■ Try it
Starting at the line that contains "thumbnail image 2", write out every line through the end of the records below exactly as it appears, and leave out all pictures.

■ Dataset content
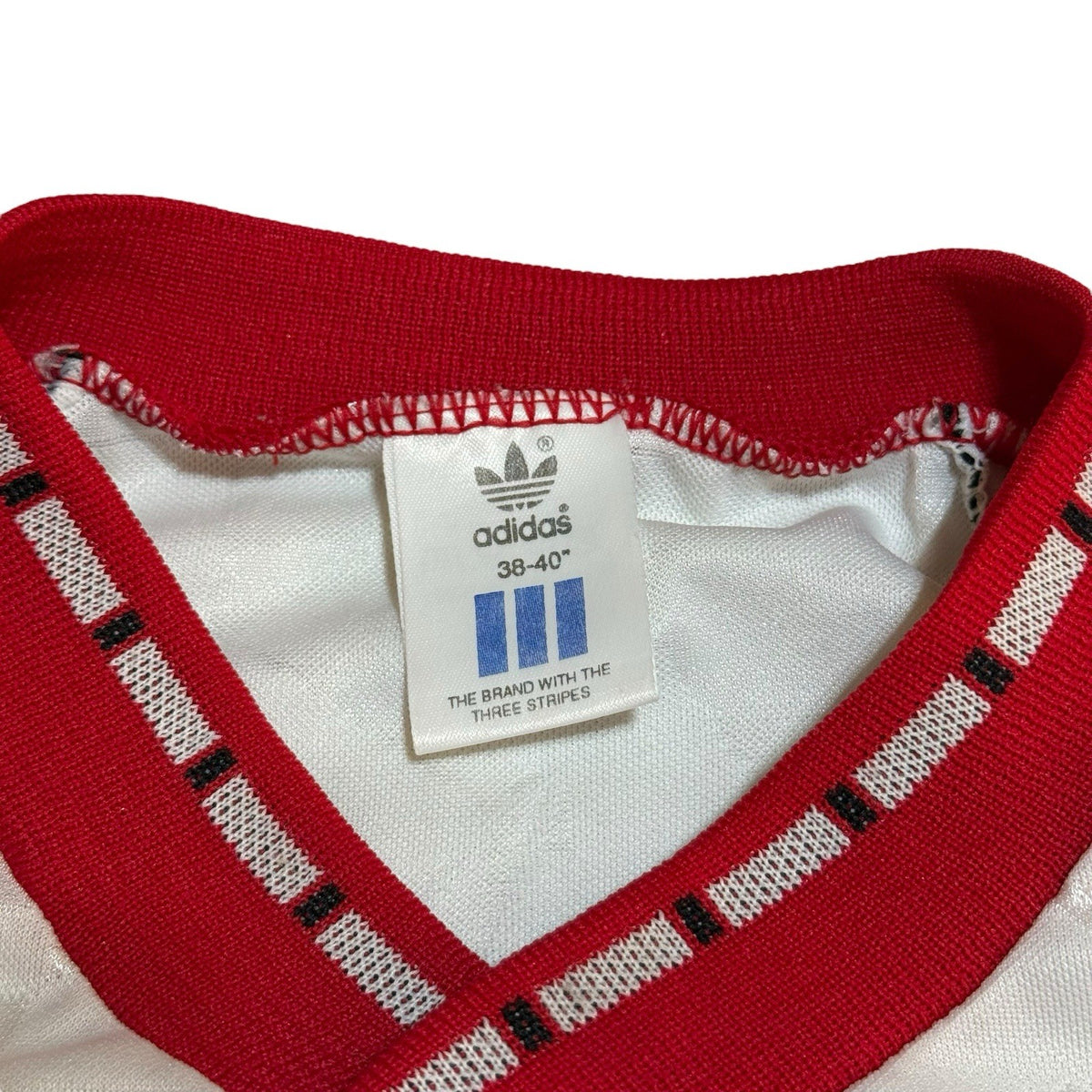 Manchester United European Cup Winners 1991 Football Shirt Adults M 38-40 Adidas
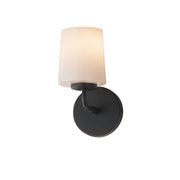 Durham 9" Wall Sconce, Black Finish - Bees Lighting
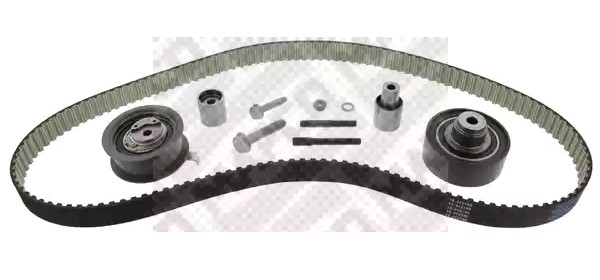 MAPCO Σετ οδοντωτού ιμάντα 23844/D 23844/D Σετ ιμάντα χρονισμού MAPCO VW LT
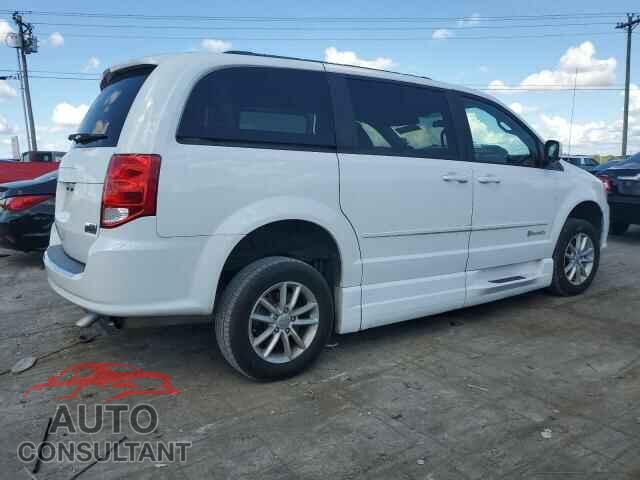 DODGE CARAVAN 2014 - 2C4RDGCG2ER457967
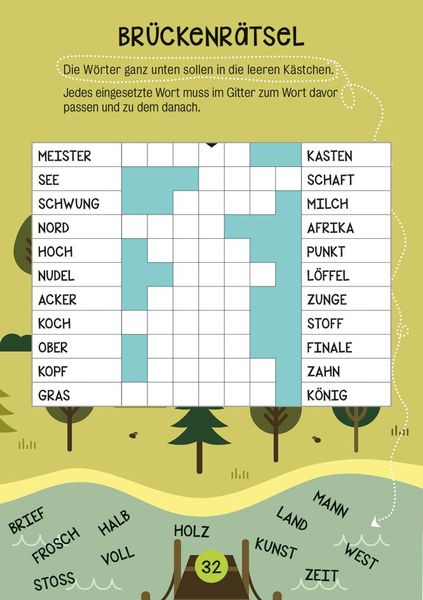 Produktbild: Der kleine Heine. Spannende Kreuzwortr&auml;tsel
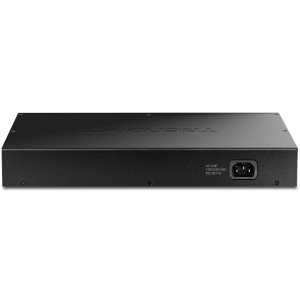 TRENDnet TPE-TG182ES 18-Port Managed Gigabit Ethernet PoE+ Switch, 2x Gigabit SFP ports, rack mountable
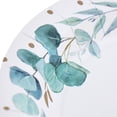 thumbnail image 2 of 7" greenery paper plates, 2 of 4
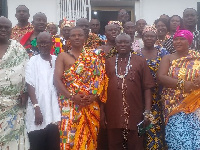 Traditional rulers in Agave Traditional Council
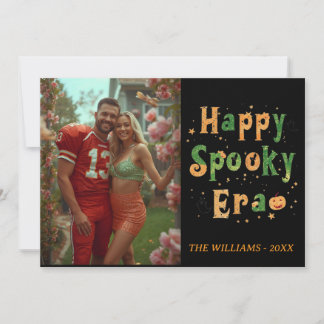Carte d'ère effrayante joyeuse, photo Halloween 20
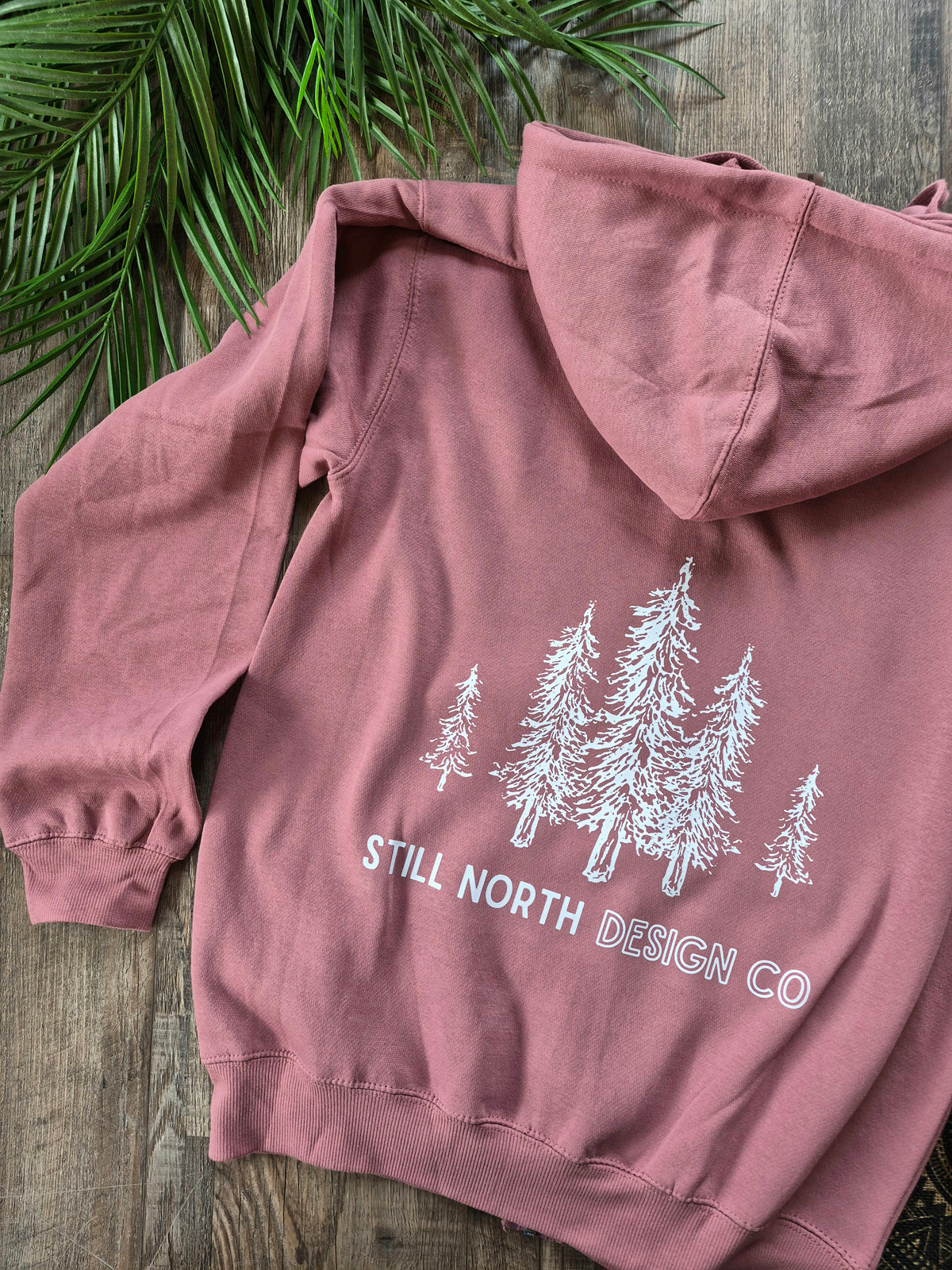 DUSTY ROSE JOGGER SET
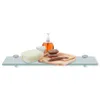 Glasregal 60x10x0,8 cm mit Halterung Glasboden Wandregal Produktbild-Vorschau 6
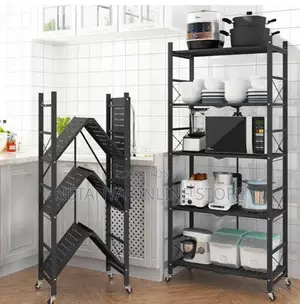 Folding Kitchen Rack (Shelf)
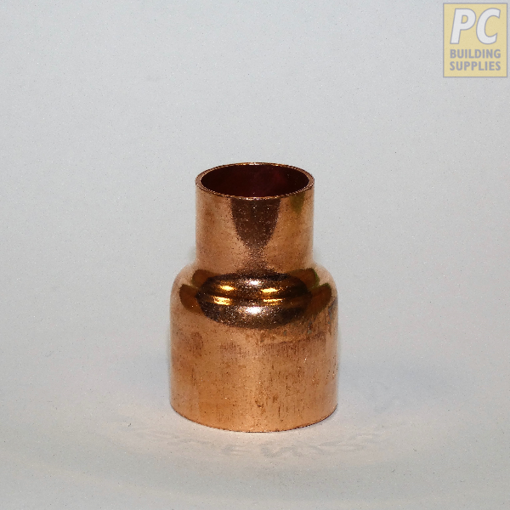 Picture of End Feed Coupling Reduced 22 x 15MM
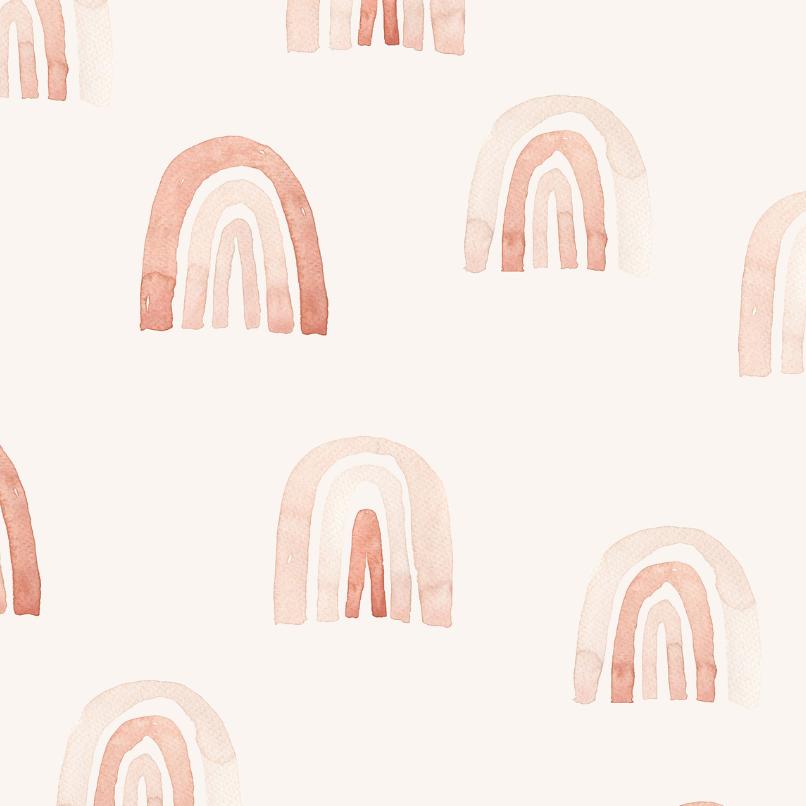 Watercolor Rainbows-PAMPA Wallcoverings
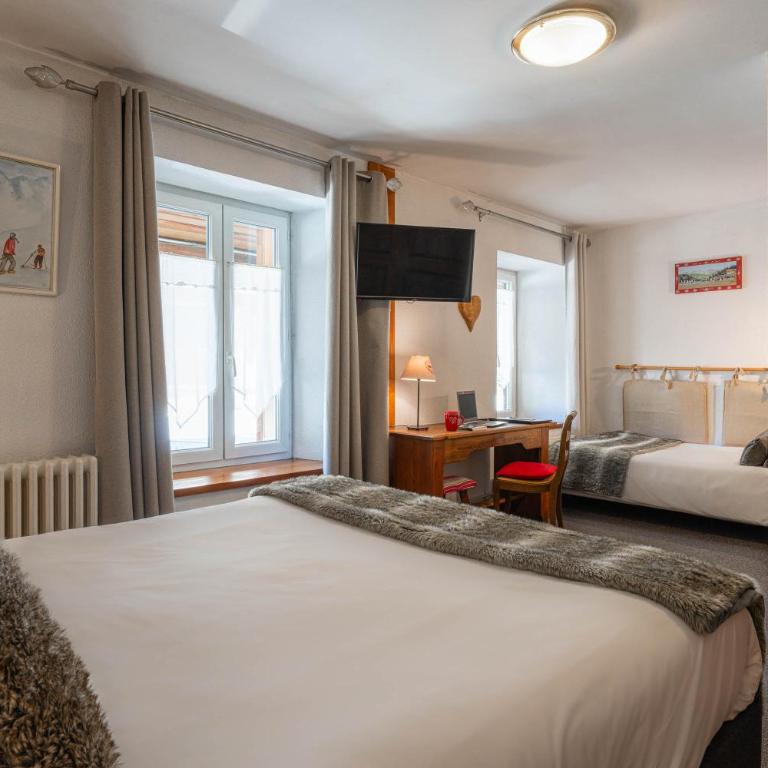 Logis Hôtel et Spa Le Christiania - Chambre Triple Confort - 2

■ Exercise output
 thumbnail image 2 of 7" greenery paper plates, 2 of 4
 Traditional rulers in Agave Traditional Council
Carte d'ère effrayante joyeuse, photo Halloween 20
 DUSTY ROSE JOGGER SET
 Glasregal 60x10x0,8 cm mit Halterung Glasboden Wandregal Produktbild-Vorschau 6
 Folding Kitchen Rack (Shelf)
 Picture of End Feed Coupling Reduced 22 x 15MM
 Watercolor Rainbows-PAMPA Wallcoverings
 Logis Hôtel et Spa Le Christiania - Chambre Triple Confort - 2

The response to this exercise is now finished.